At the bottom of these police departments are the cops on the street, men and women who know from sad experience that the liberal nostrums advocated by their chiefs are unproductive at best and harmful at worst. In any police department a line can be drawn somewhere between the chief and the street cops that delineates where the break between these outlooks can be found. In a healthy police department, that break can be found at or near the top, as with some chiefs who can mollify his political masters while maintaining a realistic outlook on crime and thereby his credibility with his cops.

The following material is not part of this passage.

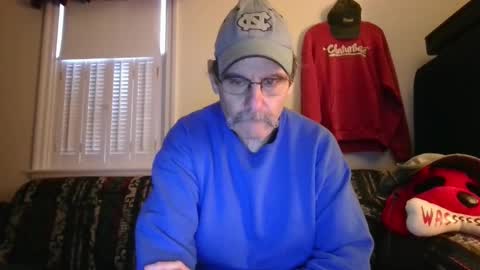 Snapshot of raylene4u2 chatting on February 13, 12:43 pm Ray online show from February 13, 12:43 pm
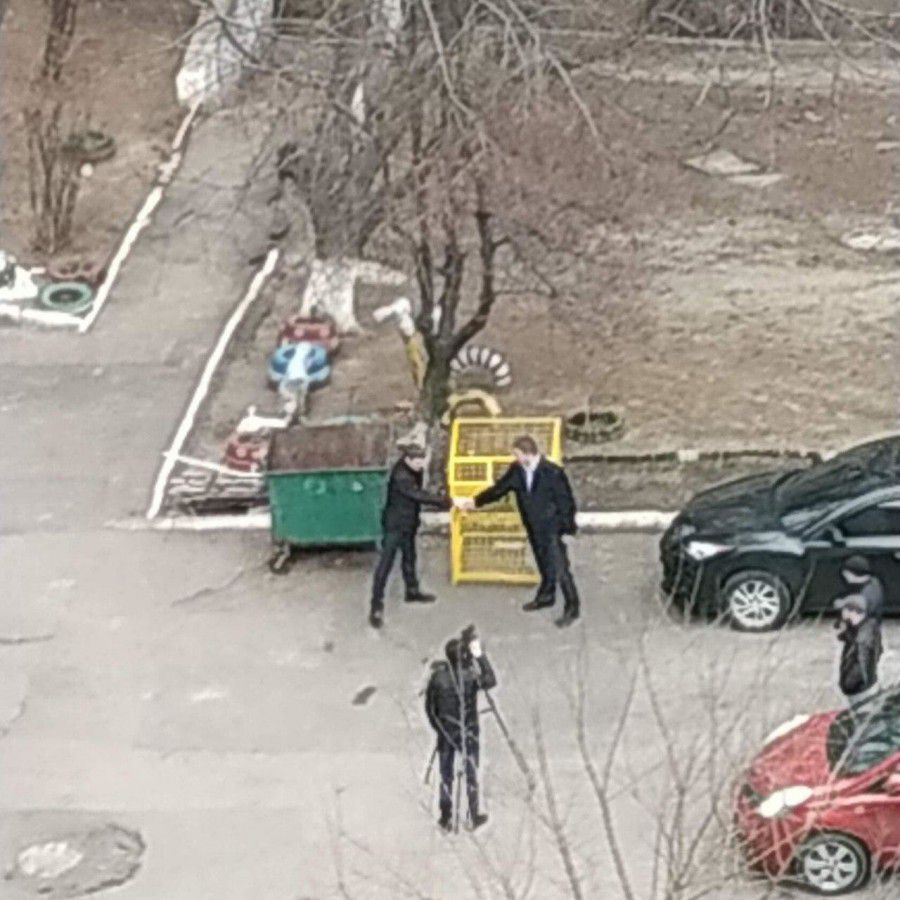 У Донецьку урочисте відкривали сміттєвий контейнер зі збору пластикових пляшок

But these chiefs are rare. Far more common is the chief whose experience on the street is so long forgotten and whose ambition is so consuming that he willingly abandons his credibility with his subordinates for the sake of staying in the good graces of the mayor. Witness the malleability of Commissioner William Bratton in New York, who while serving under Mayor Rudy Giuliani 20 years ago spoke candidly about crime, but who today holds his tongue while working for Bill de Blasio. And look at LAPD Chief Charlie Beck, who was well regarded among the troops while rising through the department’s ranks, but who under Mayors Antonio Villaraigosa and Eric Garcetti has morphed into nothing more than a liberal politician with a badge.
And in Chicago, when it came time for Rahm Emanuel to choose a new superintendent for the Police Department, he selected Eddie Johnson, who in his first interview with the Chicago Tribune said he had no immediate plans to change any crime-fighting strategies, but hastened to inform us that even he had been subjected to racial profiling. Yes, there’s a man who will get those shooting numbers down.
We must not excuse or overlook racism where it occurs, most especially within a police department. But nor can we excuse or overlook the poisonous culture that produces so much bloodshed. If Eddie Johnson were so gifted as to root out all traces of racism within the Chicago Police Department, it wouldn’t prevent even a single shooting. Chicago is a violent city, but the cops are not the problem.